Thermodynamic behavior of Ce compounds tuned at T_ord = 0

TL;DR

This paper classifies Ce compounds based on their magnetic phase diagrams near T_ord=0, revealing different quantum critical behaviors and establishing an upper limit for low-energy excitations consistent with thermodynamics.

Contribution

It provides a detailed classification of Ce compounds' magnetic behaviors near quantum criticality and quantifies the excitation density limit at T=0.

Findings

Ce compounds with S_MO approaching zero as T_ord approaches zero are candidates for quantum criticality.

Phase boundaries ending at finite T Critical Point are due to insufficient decrease in Cm(T_ord) jumps.

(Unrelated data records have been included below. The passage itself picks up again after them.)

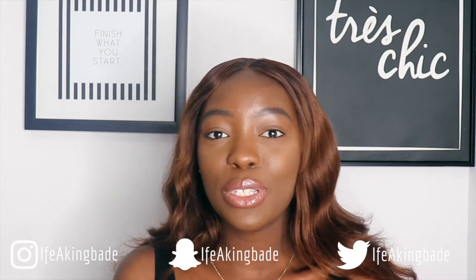Also, give this video a thumbs up if you like this, and follow me on social media — it should be displayed somewhere on the screen.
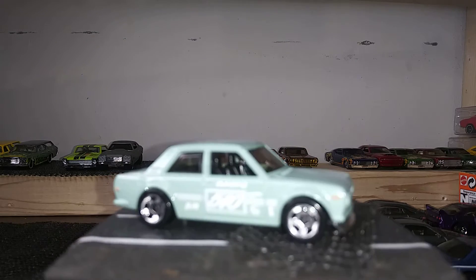Next up we have the Nissan Fairlady Z in yellow. Next up we have a Ferrari GTO — I only pulled out one casting of the Ferrari because I don't want to make this video too long. I know everybody loves the Ferraris — pretty sweet.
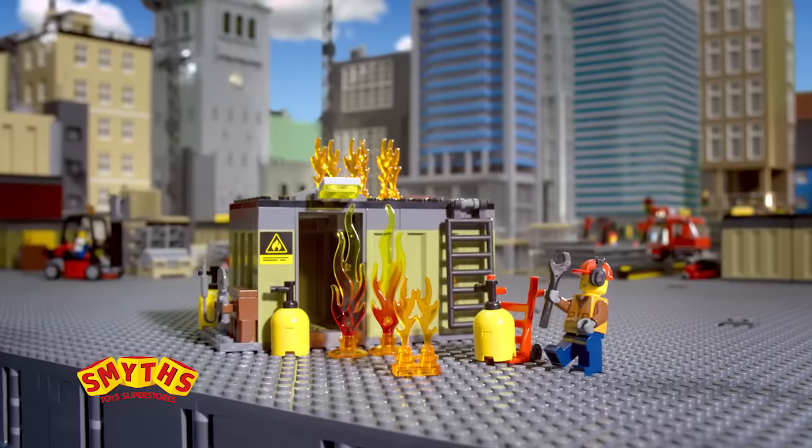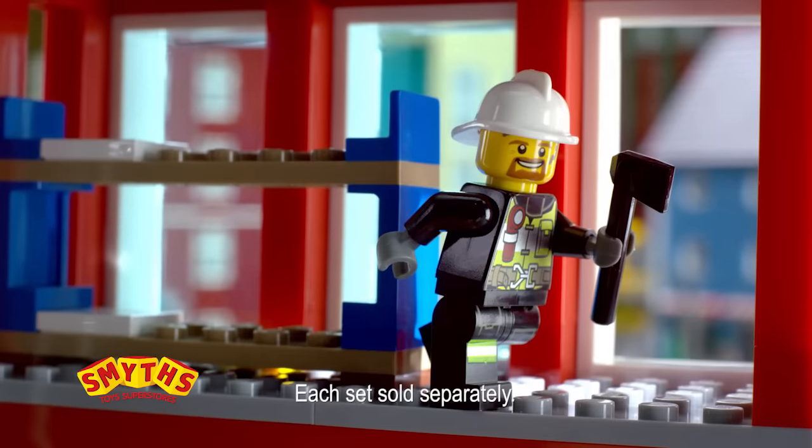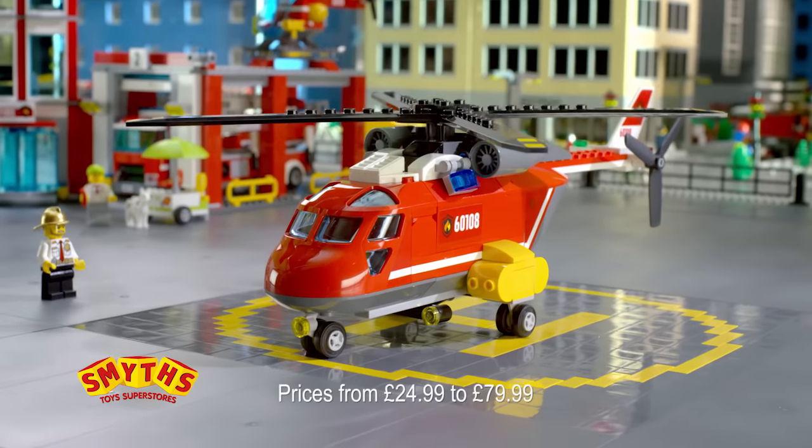Oh no! There's a fire in LEGO City! LEGO City Fire Station? It's go time! All hands to the rescue! But where's the helicopter? Hey! Build a new fire helicopter!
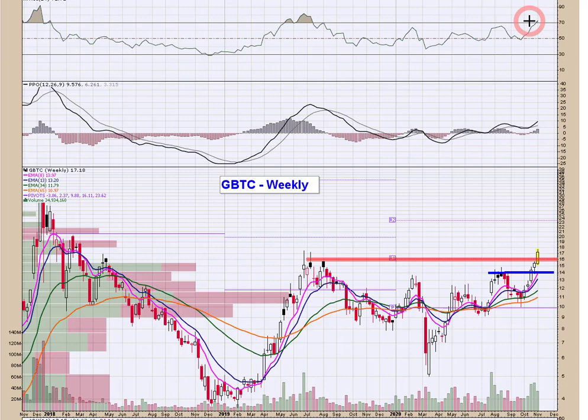RSI over 70 — the textbooks say overbought, but I don't pay any attention to that because overbought can stay overbought for weeks or even longer. What you want to be concerned with once you cross above 70 is a trend line break of RSI or then dropping back below 70. Those are your warning flags.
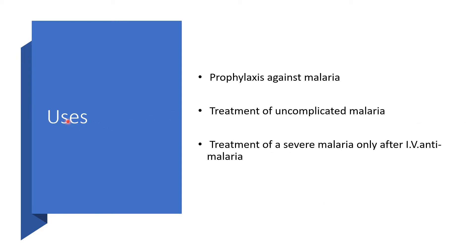Uses of these two medications in one: for prophylaxis against malaria, and for treatment of malaria — but remember, only for uncomplicated malaria. For complicated or severe malaria, you will only use it as the oral agent after you have already used intravenous anti-malaria agents.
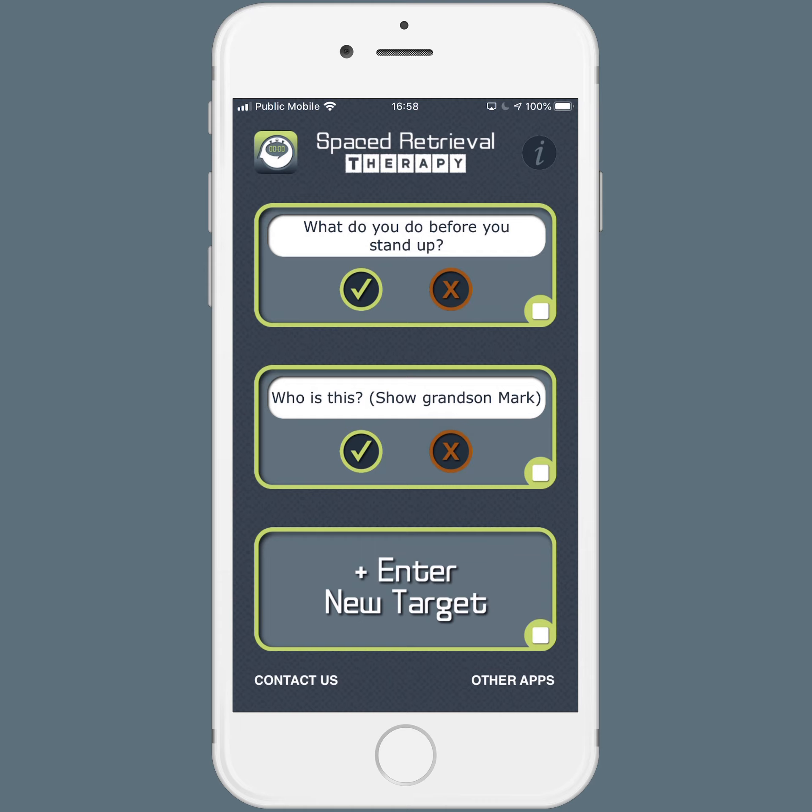Spaced Retrieval is an evidence-based treatment method that's often used with people with dementia or other memory problems. It can also be used with children or with people with aphasia. The idea is simple: you ask someone a question, they give an answer, and then you ask them again 10 or 15 seconds later. If they get it right, you double that interval — so then 30 seconds later. And if they get it wrong, you halve the interval. But it can be kind of tricky doubling and halving and keeping track of all those times, so this app does it for you.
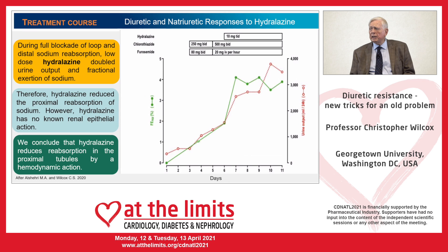In this study, a patient with severe diuretic-resistant heart failure was given escalating diuretics up to 20 mg per hour of intravenous furosemide and 500 mg twice a day of chlorothiazide, but still her fractional excretion of sodium was less than 2%. The addition of 10 mg three times daily of hydralazine doubled the FENa and the daily urine output to 3.5 liters, allowing her discharge from the intensive care unit.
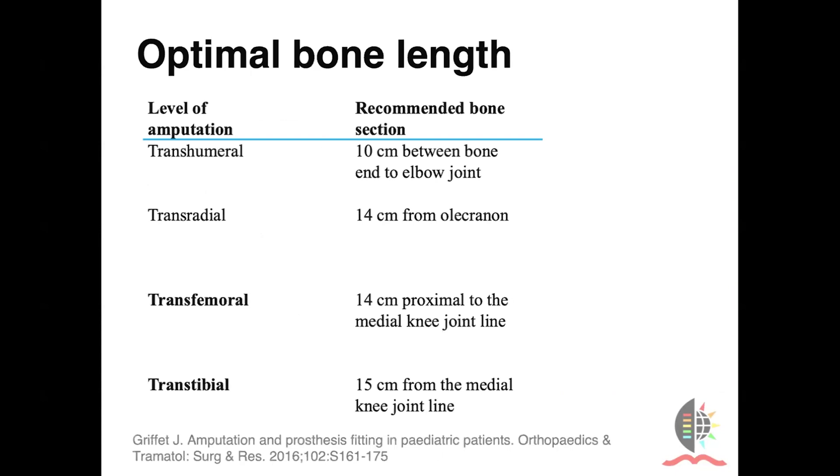When one performs an amputation, you have to look at the classic teaching of how long a functional stump should be at skeletal maturity. Of course, there are variations with more modern prosthetics. You can perform reconstruction to lengthen a short stump, but our goal should be a transradial amputation 14 centimeters from the olecranon and a transtibial amputation 15 centimeters from the medial joint line.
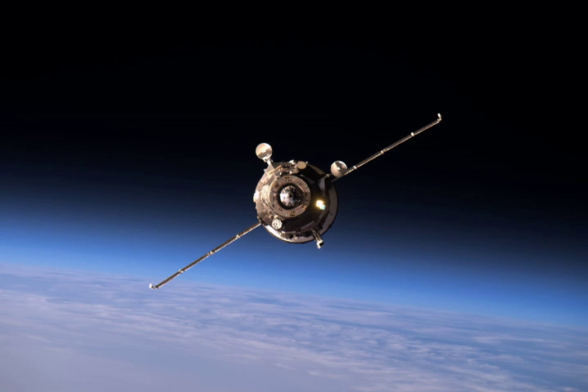The cargo included 540 kg of propellant, 47 kg of oxygen and air, 420 kg of water, and 1,418 kg of spare parts, supplies and experiment hardware for the six members of the Expedition 47 crew. Also delivered was the amateur satellite Tomsk TPU-120, built by the Tomsk Polytechnic University.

Ce heavy fermion systems at T_ord=0 have the highest low-energy excitation density without diverging specific heat.

Abstract

Based on specific heat (C_m) and entropy evaluation, different magnetic phase diagrams of Ce compounds can be recognized: I) with the entropy of the ordered phase (S_MO) decreasing with their order temperature (T_ord): S_MO => 0 as T_ord => 0, being these systems the only candidates for Quantum Critical behavior. II) with phase boundaries ending at a finite temperature Critical Point because their Cm(T_ord) jumps (\Delta C_m) do not decrease sufficiently with T_ord producing a S_MO bottleneck, and III) those showing a transference of degrees of freedom to a non-magnetic heavy fermion (HF) component, with their \Delta C_m vanishing at T >> 0. There is also a IV) group of Ce HF fermions which do not order magnetically because they are tuned at T_ord = 0. These compounds are at the top of the lim(T=>0) of \delta S_m/\delta T = \gamma . values because they collect the highest density of low energy excitations. From the analysis of Cm(T)=T and S_m(T) results performed on these selected Ce ternaries, a quantitative determination of an upper limit for the density of excitations is obtained, excluding any evidence of C_m(T)/T divergency at T => 0 in agreement with thermodynamic laws.